While the movement did not achieve the goal of reinstating her husband, it did create the Liberty and Refoundation (Libre) party, which has now put her within reach of the presidency.
As the opinion polls’ favorite, she could end a long run of two-party rule in Honduras, which been governed by the National Party and the Liberal Party for over 100 years. She would also be the first woman to be president of Honduras.
In 2013, Castro lost her first presidential bid against incumbent Juan Orlando Hernandez of the National Party, running on a platform well to the left of the Liberal Party candidate.
“I believe firmly that the democratic socialism I propose is the solution to pull Honduras out of the abyss we have been buried in by neo-liberalism, a narco-dictator and corruption,” Castro said in a campaign speech.
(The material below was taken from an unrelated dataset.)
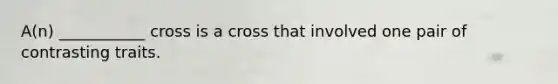 A(n) ___________ cross is a cross that involved one pair of contrasting traits.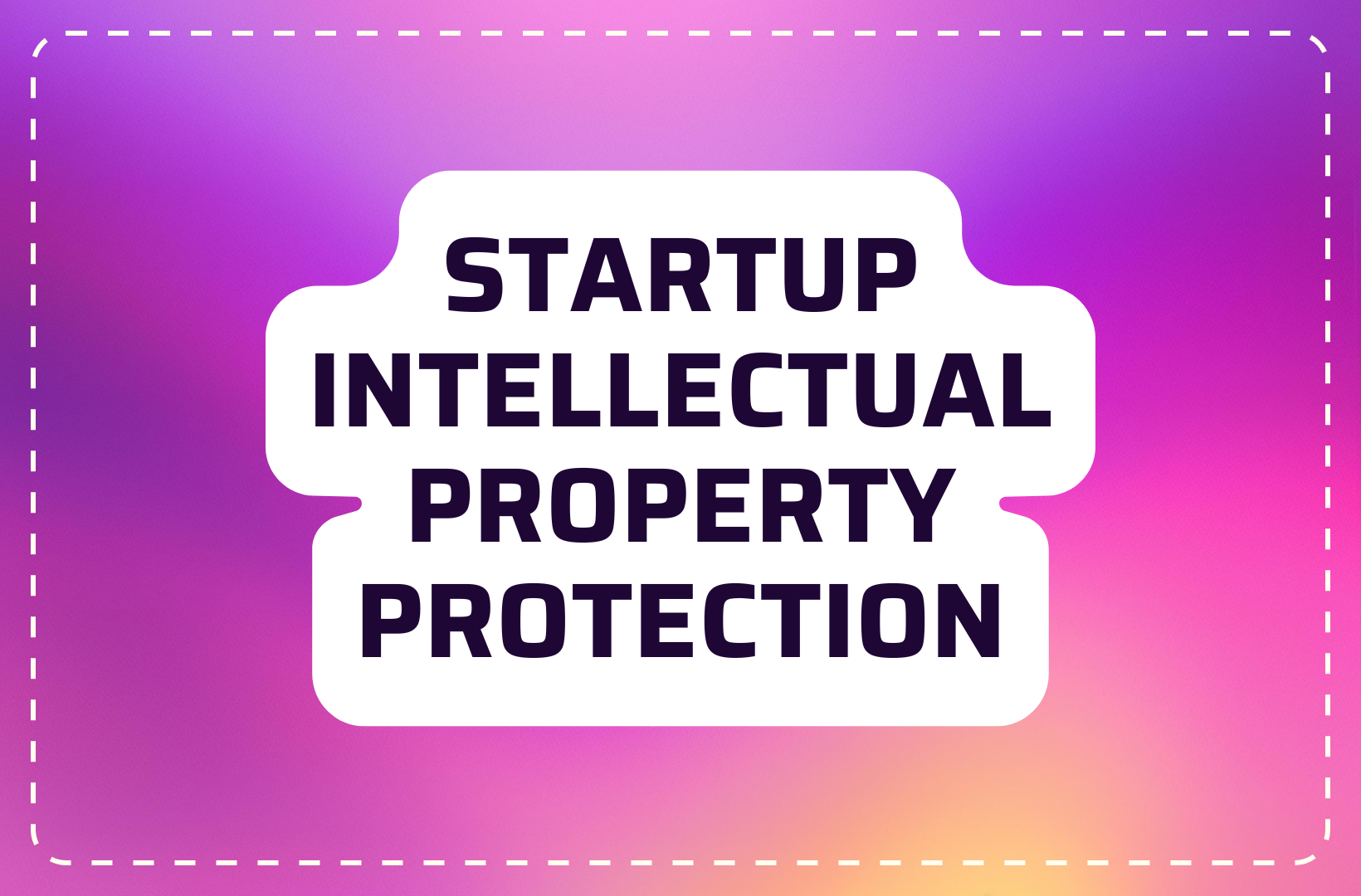 startup-intellectual-property-protection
President Juan Orlando Hernandez of the ruling National Party has faced accusations of involvement in drug trafficking, which he has repeatedly denied.
DEMOCRATIC SOCIALISM
The second of five children in a middle-class family, Castro was born in 1959 in Tegucigalpa. She earned a bachelor’s degree in business administration and later moved northeast of the capital where she raised four children with Zelaya.
Promoting “democratic socialism,” Castro wants to decriminalize abortion, reduce bank charges for remittances, create a U.N.-backed anti-corruption commission and repeal a new laws that she says feeds corruption and drug trafficking.
Despite similarities in policy, Zelaya has not taken a big role in his wife’s campaign as he did in 2013.
“Ex-president Zelaya knows that as party coordinator, he has a relationship of deferential respect to the president,” said historian and longtime friend of the candidate Anarella Velez.
Velez added that Castro’s strong-willed personality would keep her firmly in control of government.
When Zelaya was president Castro was especially active in policymaking and pushed for social programs and subsidies for poor children, women and the elderly, which helped build her popularity.
She has also run agricultural and timber companies in the private sector.
The National Party, which has been beset by corruption scandals, has sought to red-bait Castro in order to remain in power.
“A vote for Xiomara is a vote for communism, socialism, chaos, hunger, violence, repression, abortion, poverty,” went a National Party attack ad on television and social media.
Yet, while Castro’s party Libre is part of the Sao Paolo Forum, an organization with the goal of reimagining the Latin American left after the fall of the Berlin wall, many doubt Castro will adopt radical policies.
“We might see some cozying up to governments that preach 19th-century socialism, but it will be more a formality than anything else,” said political analyst Raul Pineda.
“Honduras depends on trade with the United States and it’s so weak it can’t survive even a month of economic isolation from Washington.”